We must stop the narrative of women in politics as rarities and stop placing them on a pedestal of progressiveness, it's not something to be celebrated, and this is not making them any more electable. It is inhibiting their ability to be taken seriously because it is essentializing their gender and painting a lens of radicalism that precludes mainstream appeal. We are behind, and the advancement of female candidates, among other underrepresented minorities, can bring us closer to where we should be in the present, but it’s laughable to think it would make us progressive.
By painting women in governmental positions of power, like Justice Ginsburg or AOC as superheroes, we’re patting ourselves on the back for nothing. These women are laudable, but by categorizing them as such, we are stripping them of their humanity and holding them to an impossible standard of mythology and superheroism. This is an effect mirrored by many minority groups, where any person who “rises above their circumstances” is not seen as having been able to overcome systemic oppression but just as “lucky” or “chosen” falsely presenting as if the mechanisms for achieving power are working, rather than making us acknowledge how much that person had to overcome just to get to where they are today, and what they still are forced to endure.

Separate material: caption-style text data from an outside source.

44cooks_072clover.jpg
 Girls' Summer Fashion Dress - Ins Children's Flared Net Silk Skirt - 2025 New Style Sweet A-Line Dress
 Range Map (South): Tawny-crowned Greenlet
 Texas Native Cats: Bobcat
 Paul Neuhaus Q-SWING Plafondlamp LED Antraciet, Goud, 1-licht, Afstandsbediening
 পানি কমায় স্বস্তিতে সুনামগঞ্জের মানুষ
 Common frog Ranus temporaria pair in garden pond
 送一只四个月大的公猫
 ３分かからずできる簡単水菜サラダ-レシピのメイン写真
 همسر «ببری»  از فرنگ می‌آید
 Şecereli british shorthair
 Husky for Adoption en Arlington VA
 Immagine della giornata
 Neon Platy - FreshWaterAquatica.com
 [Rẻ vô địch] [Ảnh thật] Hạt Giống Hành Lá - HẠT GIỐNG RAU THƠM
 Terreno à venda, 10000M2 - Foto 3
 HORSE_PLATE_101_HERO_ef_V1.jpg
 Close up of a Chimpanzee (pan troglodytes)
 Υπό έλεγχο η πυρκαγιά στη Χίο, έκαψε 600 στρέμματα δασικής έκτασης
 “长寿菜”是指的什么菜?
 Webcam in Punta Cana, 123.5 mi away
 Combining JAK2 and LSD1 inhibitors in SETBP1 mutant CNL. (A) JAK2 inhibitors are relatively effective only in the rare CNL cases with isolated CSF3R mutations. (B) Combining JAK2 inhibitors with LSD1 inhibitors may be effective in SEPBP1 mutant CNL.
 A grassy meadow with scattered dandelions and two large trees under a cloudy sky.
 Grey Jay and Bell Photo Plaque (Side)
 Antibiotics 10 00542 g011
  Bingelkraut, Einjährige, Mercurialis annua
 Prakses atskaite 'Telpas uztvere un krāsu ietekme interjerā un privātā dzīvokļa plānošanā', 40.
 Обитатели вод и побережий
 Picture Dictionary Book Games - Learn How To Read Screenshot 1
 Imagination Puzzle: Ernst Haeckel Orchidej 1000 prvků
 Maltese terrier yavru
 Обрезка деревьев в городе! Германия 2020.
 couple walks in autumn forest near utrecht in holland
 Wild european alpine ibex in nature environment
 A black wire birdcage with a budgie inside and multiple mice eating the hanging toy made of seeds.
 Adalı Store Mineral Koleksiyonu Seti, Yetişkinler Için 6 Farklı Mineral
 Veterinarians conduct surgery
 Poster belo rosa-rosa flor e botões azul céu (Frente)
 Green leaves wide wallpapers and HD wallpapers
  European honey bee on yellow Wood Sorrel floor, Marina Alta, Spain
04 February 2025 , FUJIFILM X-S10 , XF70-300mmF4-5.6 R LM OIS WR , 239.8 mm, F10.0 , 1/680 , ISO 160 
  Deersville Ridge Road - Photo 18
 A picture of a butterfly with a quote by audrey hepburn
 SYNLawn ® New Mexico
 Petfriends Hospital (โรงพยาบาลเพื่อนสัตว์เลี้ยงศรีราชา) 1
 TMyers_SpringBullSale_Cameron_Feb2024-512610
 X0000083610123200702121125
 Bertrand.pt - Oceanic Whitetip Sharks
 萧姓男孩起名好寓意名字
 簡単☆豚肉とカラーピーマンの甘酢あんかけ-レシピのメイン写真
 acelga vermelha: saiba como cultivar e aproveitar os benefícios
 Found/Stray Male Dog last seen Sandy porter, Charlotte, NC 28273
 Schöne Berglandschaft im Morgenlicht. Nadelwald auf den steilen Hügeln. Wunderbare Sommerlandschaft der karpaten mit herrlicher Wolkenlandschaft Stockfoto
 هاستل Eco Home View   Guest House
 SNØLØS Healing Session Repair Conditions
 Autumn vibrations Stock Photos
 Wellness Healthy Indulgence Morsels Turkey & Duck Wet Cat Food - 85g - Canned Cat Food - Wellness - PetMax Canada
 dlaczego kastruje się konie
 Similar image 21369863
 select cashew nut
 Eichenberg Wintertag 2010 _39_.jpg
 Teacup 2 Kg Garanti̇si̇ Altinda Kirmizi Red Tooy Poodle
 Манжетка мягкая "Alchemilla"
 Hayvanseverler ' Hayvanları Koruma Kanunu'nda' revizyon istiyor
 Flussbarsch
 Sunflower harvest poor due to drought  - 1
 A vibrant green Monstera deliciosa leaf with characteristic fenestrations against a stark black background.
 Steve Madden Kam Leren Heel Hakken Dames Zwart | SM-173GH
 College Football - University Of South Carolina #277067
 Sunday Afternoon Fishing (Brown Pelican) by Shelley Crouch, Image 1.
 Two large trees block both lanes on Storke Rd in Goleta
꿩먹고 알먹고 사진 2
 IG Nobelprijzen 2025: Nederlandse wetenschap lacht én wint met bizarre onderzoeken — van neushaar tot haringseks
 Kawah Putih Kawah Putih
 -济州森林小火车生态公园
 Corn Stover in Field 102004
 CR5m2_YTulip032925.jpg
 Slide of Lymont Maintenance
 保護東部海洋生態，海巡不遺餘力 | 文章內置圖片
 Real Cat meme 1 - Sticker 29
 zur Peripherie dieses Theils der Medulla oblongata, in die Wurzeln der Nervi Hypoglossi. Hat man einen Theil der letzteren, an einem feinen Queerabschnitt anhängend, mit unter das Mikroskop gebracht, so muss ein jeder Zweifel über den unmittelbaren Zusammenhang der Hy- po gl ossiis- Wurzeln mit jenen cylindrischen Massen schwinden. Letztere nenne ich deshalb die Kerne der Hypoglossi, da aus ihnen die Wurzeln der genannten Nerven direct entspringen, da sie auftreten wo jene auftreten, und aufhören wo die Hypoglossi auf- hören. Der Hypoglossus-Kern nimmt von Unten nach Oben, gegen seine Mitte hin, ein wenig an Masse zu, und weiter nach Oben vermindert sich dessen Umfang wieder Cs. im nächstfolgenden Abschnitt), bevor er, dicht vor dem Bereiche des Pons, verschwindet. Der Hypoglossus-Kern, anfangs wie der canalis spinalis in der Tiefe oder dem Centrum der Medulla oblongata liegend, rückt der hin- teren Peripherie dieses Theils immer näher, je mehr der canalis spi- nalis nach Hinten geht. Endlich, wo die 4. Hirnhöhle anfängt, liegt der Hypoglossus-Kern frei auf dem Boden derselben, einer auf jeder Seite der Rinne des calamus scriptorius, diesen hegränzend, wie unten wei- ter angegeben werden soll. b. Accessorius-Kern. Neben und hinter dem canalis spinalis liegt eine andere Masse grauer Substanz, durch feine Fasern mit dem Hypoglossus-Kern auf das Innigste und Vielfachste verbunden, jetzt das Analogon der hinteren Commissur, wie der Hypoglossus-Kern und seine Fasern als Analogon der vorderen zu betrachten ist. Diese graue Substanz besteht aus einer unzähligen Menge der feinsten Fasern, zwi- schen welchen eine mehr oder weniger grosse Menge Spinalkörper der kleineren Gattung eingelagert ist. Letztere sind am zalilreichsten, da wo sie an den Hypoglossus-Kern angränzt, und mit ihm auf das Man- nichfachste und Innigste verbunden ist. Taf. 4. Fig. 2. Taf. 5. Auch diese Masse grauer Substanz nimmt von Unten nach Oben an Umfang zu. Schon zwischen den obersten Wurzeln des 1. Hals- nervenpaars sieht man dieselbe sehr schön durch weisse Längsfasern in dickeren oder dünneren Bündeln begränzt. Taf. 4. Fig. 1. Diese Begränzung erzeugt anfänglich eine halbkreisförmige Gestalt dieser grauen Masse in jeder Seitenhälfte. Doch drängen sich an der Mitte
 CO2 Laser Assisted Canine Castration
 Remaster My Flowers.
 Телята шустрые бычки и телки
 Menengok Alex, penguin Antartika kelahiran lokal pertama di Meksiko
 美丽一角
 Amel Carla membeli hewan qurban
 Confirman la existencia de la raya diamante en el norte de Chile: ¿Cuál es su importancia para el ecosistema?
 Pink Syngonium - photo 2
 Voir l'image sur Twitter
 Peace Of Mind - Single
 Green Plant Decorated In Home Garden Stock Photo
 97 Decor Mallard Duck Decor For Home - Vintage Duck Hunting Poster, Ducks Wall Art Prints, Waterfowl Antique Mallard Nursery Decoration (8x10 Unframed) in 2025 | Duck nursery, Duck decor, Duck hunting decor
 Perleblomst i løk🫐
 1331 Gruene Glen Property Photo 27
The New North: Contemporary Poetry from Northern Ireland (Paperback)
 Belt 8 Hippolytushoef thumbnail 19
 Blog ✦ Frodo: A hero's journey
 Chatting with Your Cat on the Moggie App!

So long as the declaration of independence proclaims “Governments are instituted among Men, deriving their just powers from the consent of the governed,” we are at issue. From a legal perspective, we are not bound to this document, it isn't legislation, but it sets forth the spirit with which to read our constitution and origin story. If we took its use of the word Men to be gender-neutral, as we’re meant to believe it is being used today, the government cannot legitimately fulfill the promise of deriving its power from the consent of the government when women, BIPOC, LGBTQIA+, and incarcerated people have to jump through hoops to have their voices heard. If we take it at face value, that it is referring only to men, (historically, white land-owning men), we arrive at the same problem of illegitimate leadership, just more directly.
So before you “stand with Her,” call AOC a “boss bitch”, or don a “Notorious RBG” hoodie, consider the mechanisms of power that contribute to our current political landscape. Recognize the pitfalls of whitewashed liberalism and/or white feminism and how these serve as booby traps barring genuine societal advancement.
It is time for women in politics, it has been well-past time, and it is time for women belonging to more than one systematically disadvantaged and or marginalized groups to be able to come to power. These candidates cannot be discounted because they are “sassy,” “unprofessional”, or “uneducated,” these very words when used against women and BIPOC women in particular refer to historical phrenological pseudosciences of the “humors,” “hysteria” and eugenics. For if a male candidate expressed the same fierce emotion, jargon-free campaign speech, or humble background that would cause us to say such things about a woman, we would call the man “assertive”, “in-touch” or “relatable.”
It is an election year, America, and there is no longer time to have a woman in the oval office this cycle, but progress requires action and action requires dedication. In the next four years, and for all the years to come, if we want to strive to form a “more perfect union,” we must diversify our legislative branch and executive positions for our own sake. If the definition of our democracy is “by and for the people,” then the faces of those in power must look more like the faces of those who are affected by power.